◆ INSTRUCTIONS TO FOLLOW ◆
Below is a listing; transcribe it exactly but without any images.

◆ SOURCE MATERIAL ◆
=== Section Start ===

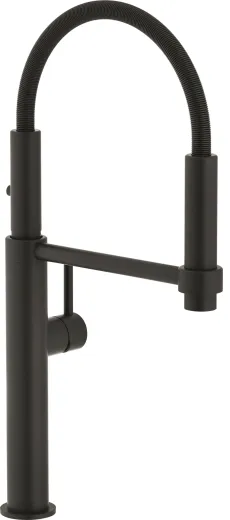 FRANKE Kchenarmatur Pescara Semi Pro L 360 Einhebelmischer Schwarz matt mit Federbrause 2x 360 schwenkbarer Auslauf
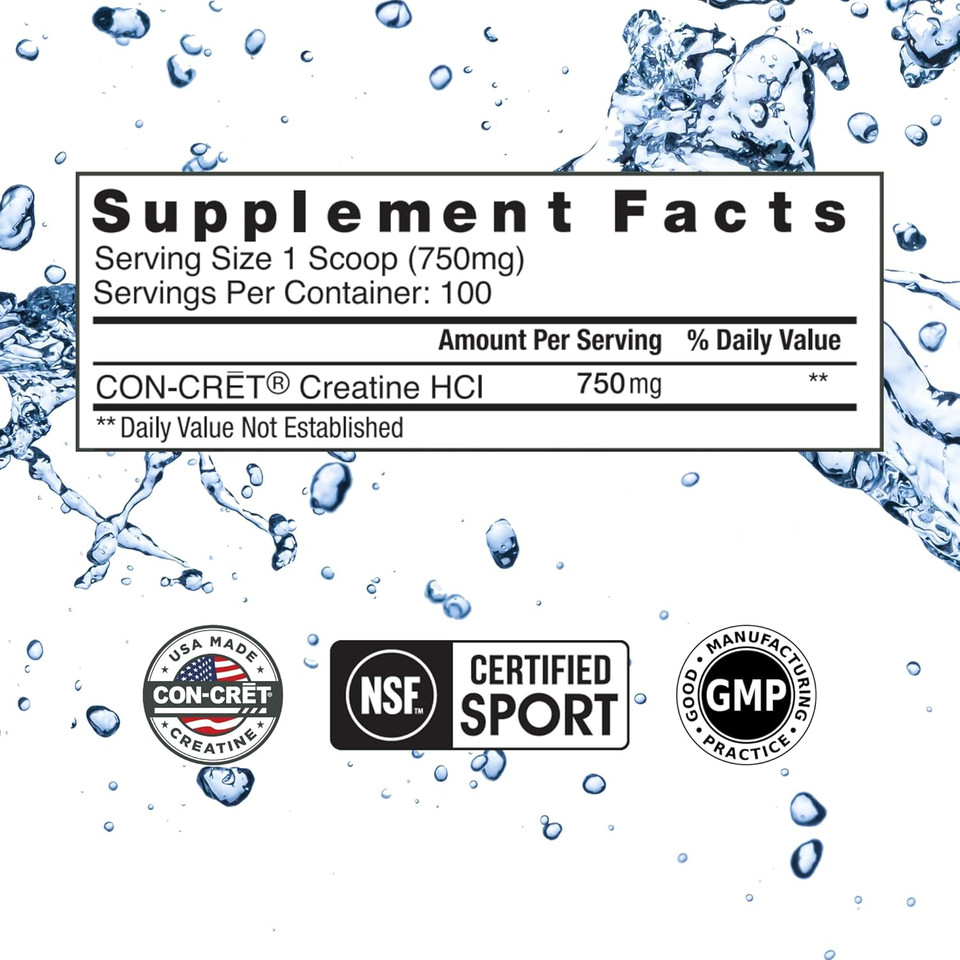 Creatine Hcl Powder | Muscle, Cognitive, Cellular Energy Support | No Bloating Or Cramps | Usa Made & Nsf Certified | Raspberry (100 Serving)
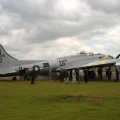 Crowds mill around the Liberty Belle B-17
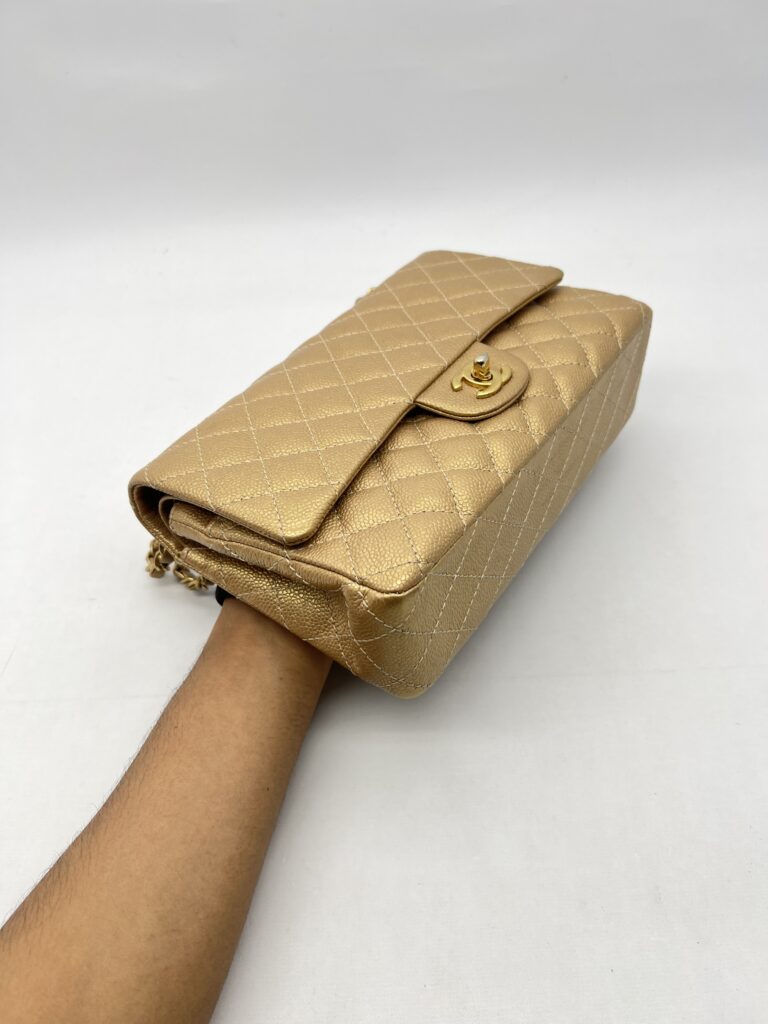 Chanel Classic Medium D Flap Caviar Gold GHW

=== Section End ===

◆ TASK RESPONSE ◆
 FRANKE Kchenarmatur Pescara Semi Pro L 360 Einhebelmischer Schwarz matt mit Federbrause 2x 360 schwenkbarer Auslauf
 Creatine Hcl Powder | Muscle, Cognitive, Cellular Energy Support | No Bloating Or Cramps | Usa Made & Nsf Certified | Raspberry (100 Serving)
 Crowds mill around the Liberty Belle B-17
 Chanel Classic Medium D Flap Caviar Gold GHW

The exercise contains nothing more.